We Left

WHO WERE BEFORE the war was still who we were during, and after. Somewhere inside we were still twenty-five, still feisty, emboldened, a riot.

 

BUT WE WERE changed.

 

WE LEFT AND lectured on atomic energy. We left and wrote autobiographies about life on the Hill. In our memoirs we reported that at Los Alamos there were no unemployed people, no in-laws, no invalids, no poor, and no sidewalks. Our memoirs suggested we knew nothing about what our husbands were building and we were accused of exaggerating how little we knew. But if other wives knew something, they did not tell those secrets to the rest of us, mostly.

 

WE LEFT AND many things turned atomic: there was talk of nuclear power generators to replace coal and oil, and that we could sanitize our vegetables by irradiating them. Home furnishings became atomic, too—we bought clocks with rays and spheres showing the path of electrons around the nuclei of atoms.

 

WE LEFT AND founded organizations that opposed nuclear weapons. We continued atomic research, we become social workers, we became grandmothers, we became blacklisted.

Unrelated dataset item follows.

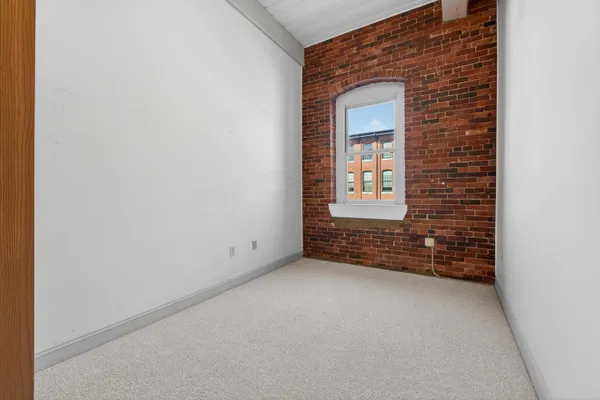 $349,000 | 1 Saco Island Terrace, Unit 331, Saco, ME 04072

From an essay Robert published in the Bulletin of Atomic Scientists many years later we learned what had happened that Christmas Eve we saw him leaving in a rush: when it became clear that the Germans had abandoned their bomb project, and after overhearing the General say the bomb was being built to show Russia what the U.S. could do, Robert asked permission to leave and return to Britain. He became the only scientist to leave the project for reasons of conscience. Robert asked in his essay, as we also wondered: Why did others not leave, too?

 

OUR HUSBANDS WERE curious. They wanted to know if their theoretical predictions could become a physical reality. They thought thousands of lives would be saved by a quick end to the war. Or perhaps they did not want to take a position because they feared how it might negatively affect their careers. Robert left and used his knowledge of physics to research the biological effects of radiation. He left and argued that all scientific research should be for the benefit for humanity, and that scientists cannot keep scientific curiosity and moral implications separate no matter how difficult it might be to predict how such discoveries might later be used.

 

OUR HUSBANDS FLEW to the Marshall Islands and we called them the Bikini scientists. A navy official told Chief Juda, We are testing these bombs for the good of mankind, and to end all world wars. Juda understood the word, mankind, from the Bible and replied, If it is in the name of God, I am willing to let my people go. Marshallese were told they would be able to return after the bombs were dropped but their homes, bicycles, and bathtubs became radioactive. Though they could not return, the radioactivity was fodder for scientific research.

 

MEANWHILE, WE WERE featured in Mademoiselle. We went to work for the FBI. We wrote textbooks, led high school physics programs, became president of women’s universities, divorced. We made pineapple upside-down cake for the first time in years.

 

WE LEFT AND moved to places where air raid sirens blared, where we dropped and covered, where we feared someone else would use what our husbands first developed on us and we practiced drills to move our families quickly into nuclear fallout shelters.

 

WE LEFT AND said the Hill was an anthill and the bomb was its queen. But many of us told everyone, when we got back to civilian life, There was no crime at all in Los Alamos. We all kept our doors unlocked. It was the safest place to raise a family.

 

WE LEFT HAPPY, we left relieved, we left thinking we had been a part of something unique, we left with doubts about our husbands, or about ourselves, or our country, or all of these, or none of it. We left wanting most what we had once had in the middle of the howling night, our friends: Louise, Starla, Margaret, Ingrid. We left pregnant, we left tired, we left, in some ways, just as we arrived: dusty and in need of a shampoo.